◆ ACTION ITEM
From the first line to the last, give the material again exactly, without the images.

◆ MATERIAL PROVIDED
# # #

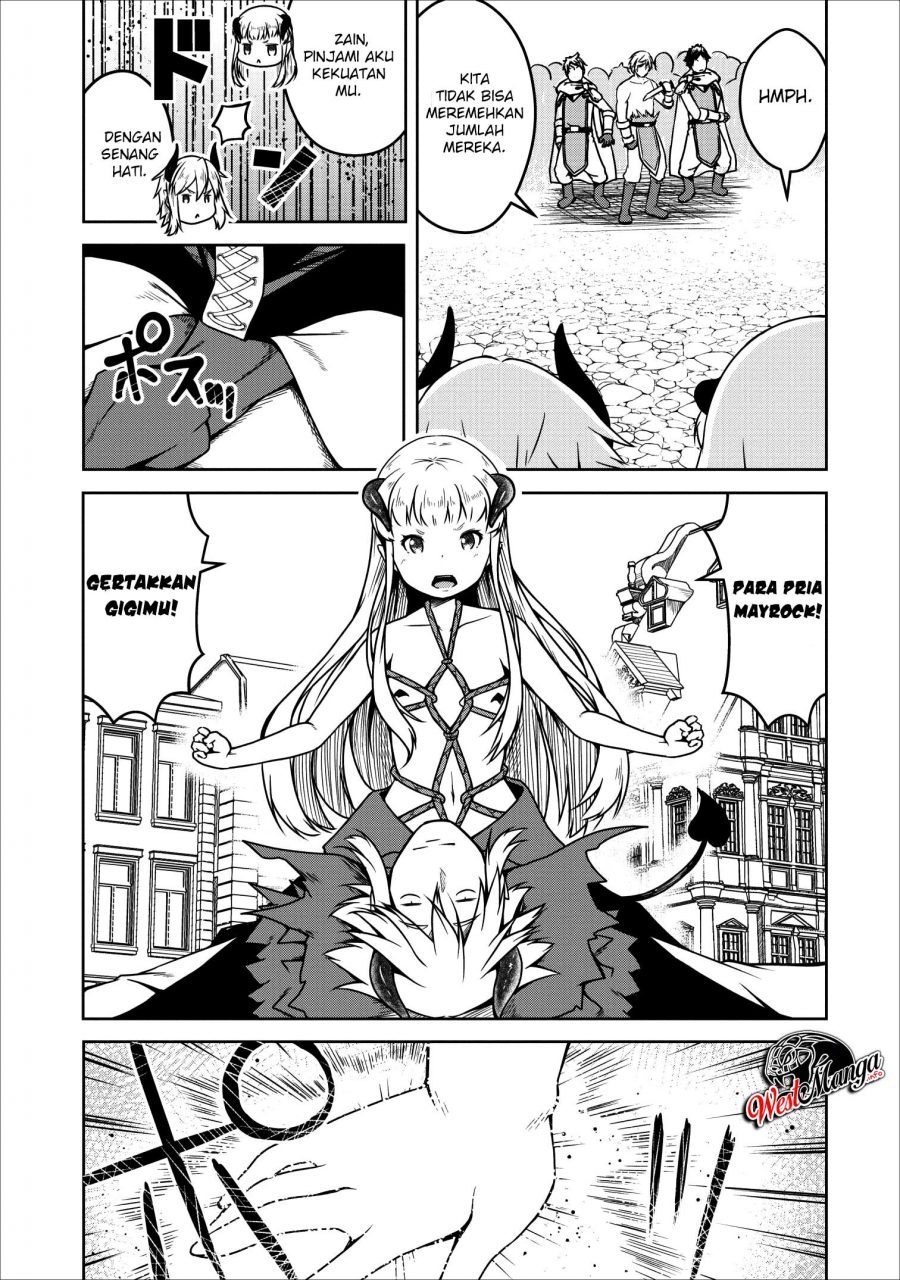 Succubus ni Tensei shita node Milk wo Shiborimasu chapter 21 halaman 18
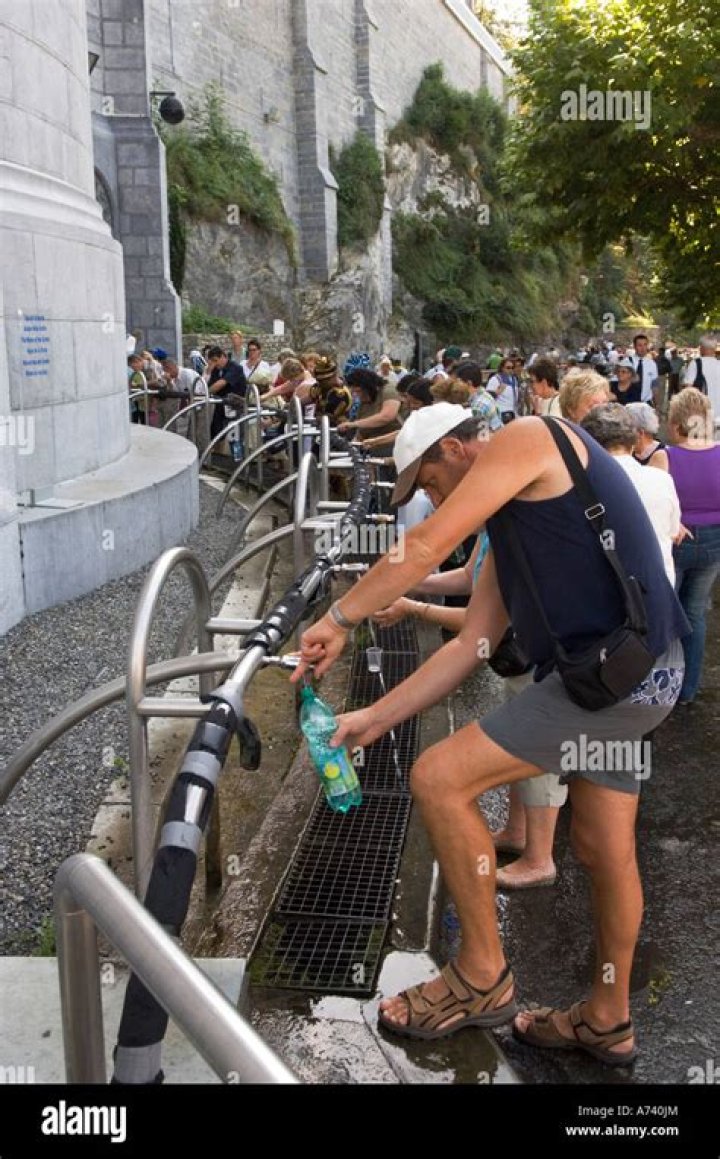 Can you drink lourdes water?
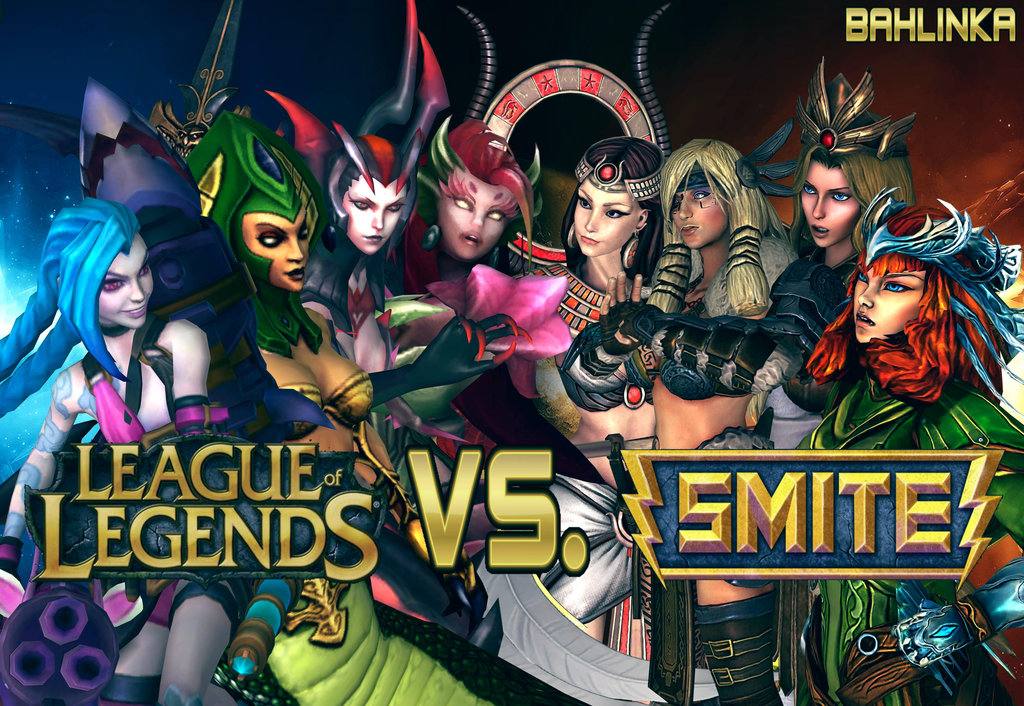 The Transition from League of Legends to SMITE 101 for SMITE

# # #

◆ WORKED SOLUTION
 Succubus ni Tensei shita node Milk wo Shiborimasu chapter 21 halaman 18
 Can you drink lourdes water?
 The Transition from League of Legends to SMITE 101 for SMITE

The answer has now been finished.